▸ **TASK ITEM**
The copy you produce must hold every record exactly, and none of the images.

Text-to-region grounding data
:::::
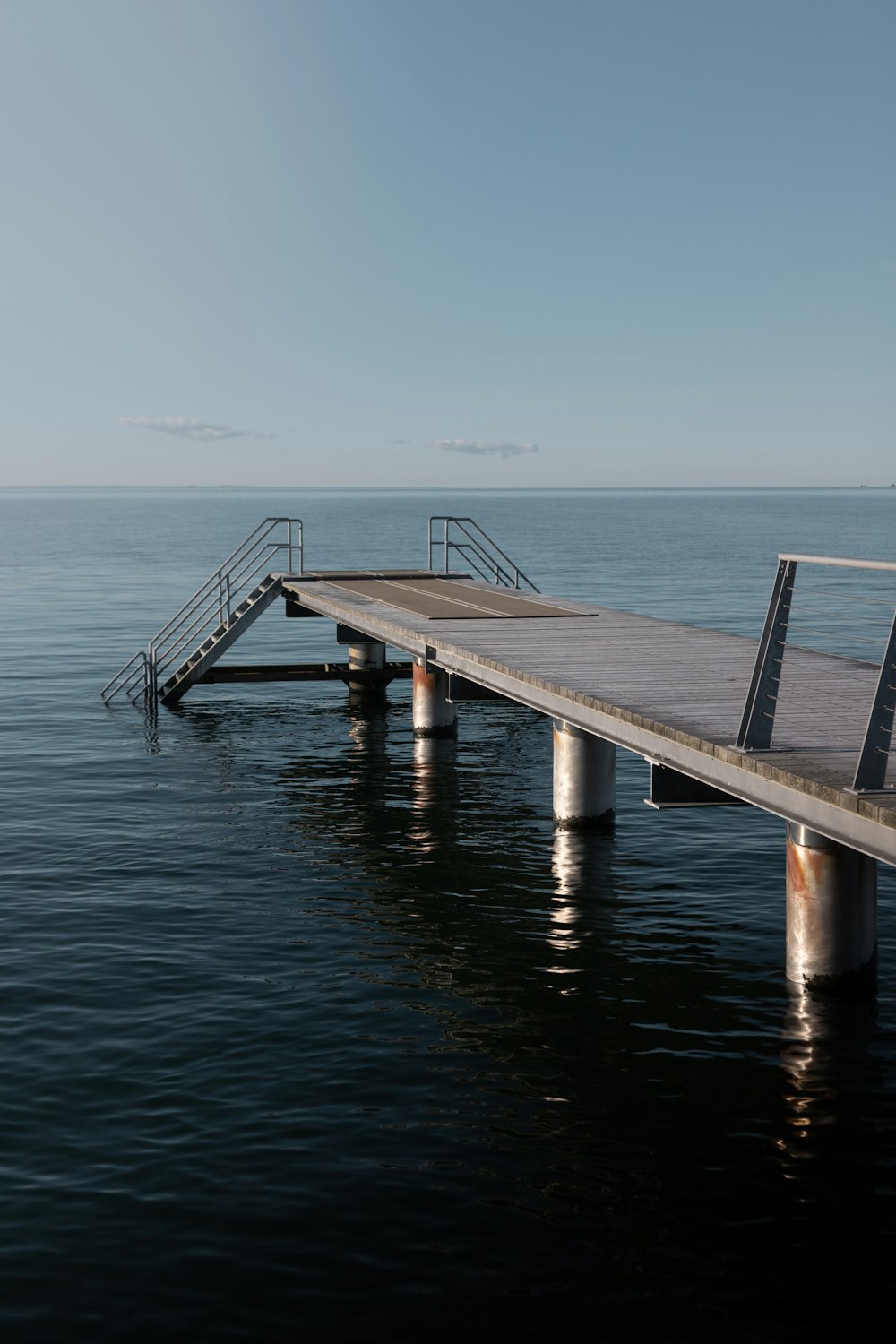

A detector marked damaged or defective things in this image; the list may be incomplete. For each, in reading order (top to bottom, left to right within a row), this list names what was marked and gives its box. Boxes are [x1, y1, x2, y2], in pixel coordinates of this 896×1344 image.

rusty pipe base [346, 645, 385, 699]
rusty pipe base [410, 667, 455, 742]
rusty pipe base [552, 728, 616, 831]
rusty pipe base [785, 821, 874, 989]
:::::
▸ **THE ANSWER**
A detector marked damaged or defective things in this image; the list may be incomplete. For each, in reading order (top to bottom, left to right within a row), this list names what was marked and gives its box. Boxes are [x1, y1, x2, y2], in pixel coordinates of this 896×1344 image.

rusty pipe base [346, 645, 385, 699]
rusty pipe base [410, 667, 455, 742]
rusty pipe base [552, 728, 616, 831]
rusty pipe base [785, 821, 874, 989]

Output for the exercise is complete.